V. Guia prática teológico-pastoral: caminhos de cura
1. Exame de consciência profissional
Pergunte a si mesmo:
- Ignoro colegas deliberadamente por rancor?
- Uso o silêncio como forma de punição?
- Manipulo a linguagem para ferir indiretamente?
- Já pedi desculpas por frieza ou falta de resposta?
2. Correção fraterna em vez de punição silenciosa
O Evangelho nos ensina:
“Se teu irmão pecar contra ti, vai e repreende-o entre ti e ele só; se ele te ouvir, ganhaste teu irmão.”
(Mateus 18,15)
O caminho cristão não é: “me fecho e te ignoro”, mas: confronto humilde e verdadeiro.
3. Reformar a linguagem profissional
Adote uma linguagem que seja:
- Clara e direta,
- Capaz de expressar conflitos com respeito,
- Aberta ao diálogo e não bloqueadora,
- Coerente com sua fé – mesmo no ambiente de trabalho.
4. Oferecer a Deus o próprio incômodo
Se você se sente irritado no trabalho, não reprima nem mascare a raiva. Apresente-a a Deus em oração:
“Senhor, estou com raiva. Estou ferido. Não quero ferir os outros. Transforma minha ira em sabedoria e compaixão.”
A ira não deve ser reprimida nem ignorada: deve ser redimida.
5. Acreditar na força do perdão
Perdoar no ambiente profissional é difícil – mas libertador.

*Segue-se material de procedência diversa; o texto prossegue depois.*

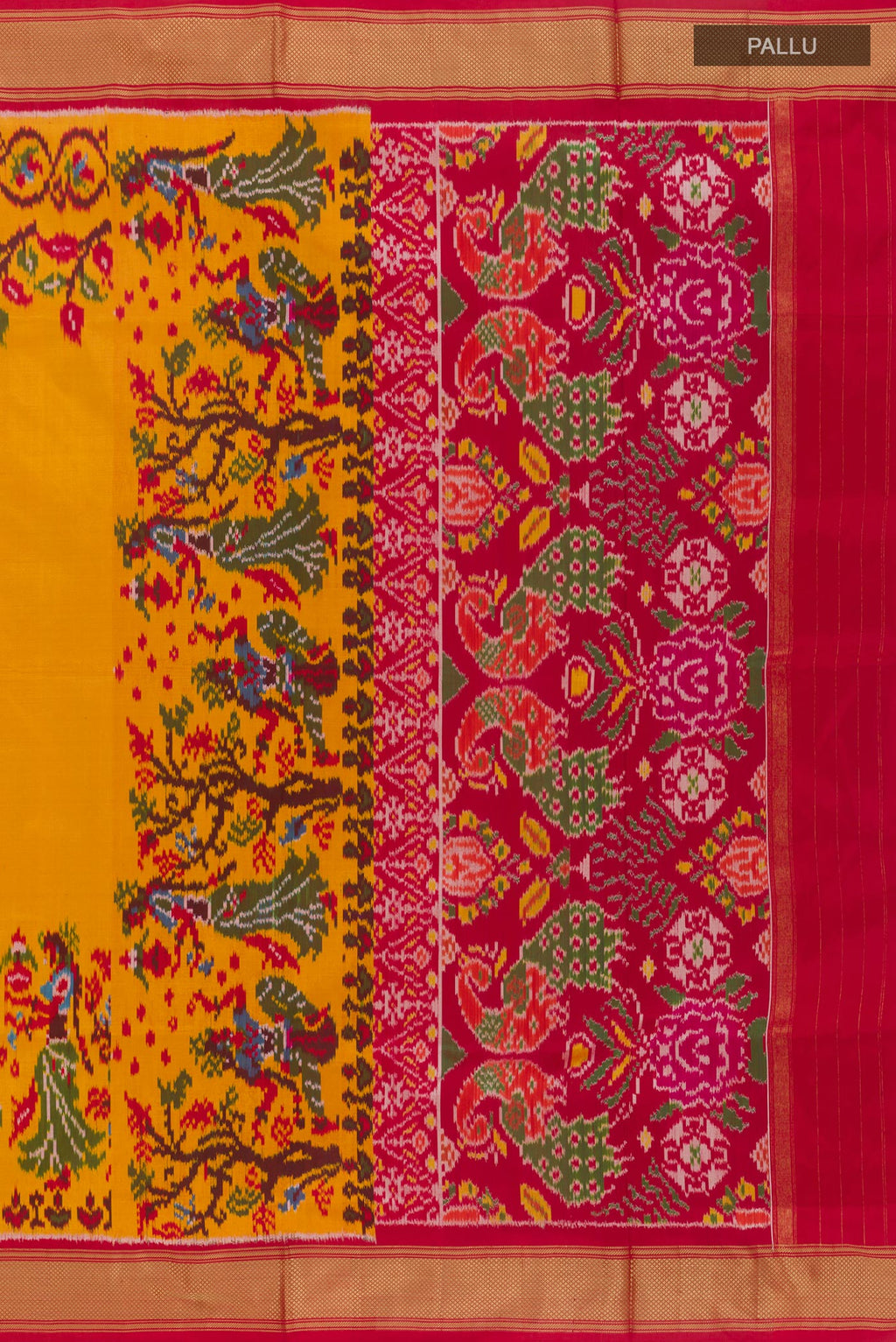 Close up image of the pallu of Mustard Pochampally Silk Saree with Plain Body and Ikat Border. 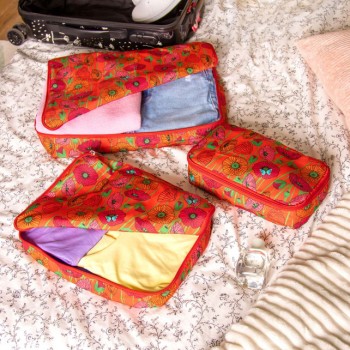 SET DE 3 POCHETTES DE VOYAGE PYLONES - COQUELICOTS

Não acontece de um dia para o outro. Mas começa com uma decisão:
“Pai, perdoa-lhes, porque não sabem o que fazem.”
(Lucas 23,34)
Conclusão: Evangelizar também entre as mesas e computadores
No escritório, nos e-mails, nas reuniões – você pode ser discípulo de Cristo. Isso significa rejeitar o estilo passivo-agressivo, mesmo que seja considerado “profissional”, “moderno” ou “estratégico”.
Ser cristão no trabalho significa escolher a comunhão em vez do controle, a verdade em vez do sarcasmo, a misericórdia em vez da vingança disfarçada.
Se Cristo habita em seu coração, Ele deve habitar também no assunto do seu e-mail, nos seus silêncios, na forma como você lida com os conflitos. Porque a santidade não se vive só na igreja – ela se manifesta também no Outlook, no Slack, no Teams… e naquele e-mail que você está prestes a enviar com um “Atenciosamente” que, na verdade, quer dizer: “Estou te punindo com minha indiferença.”
“Bem-aventurados os mansos, porque herdarão a terra.” (Mateus 5,5)
A mansidão cristã não é fraqueza. É a força do amor que se recusa a ferir – mesmo quando está ferido. E isso… transforma o mundo. Até o mundo do escritório.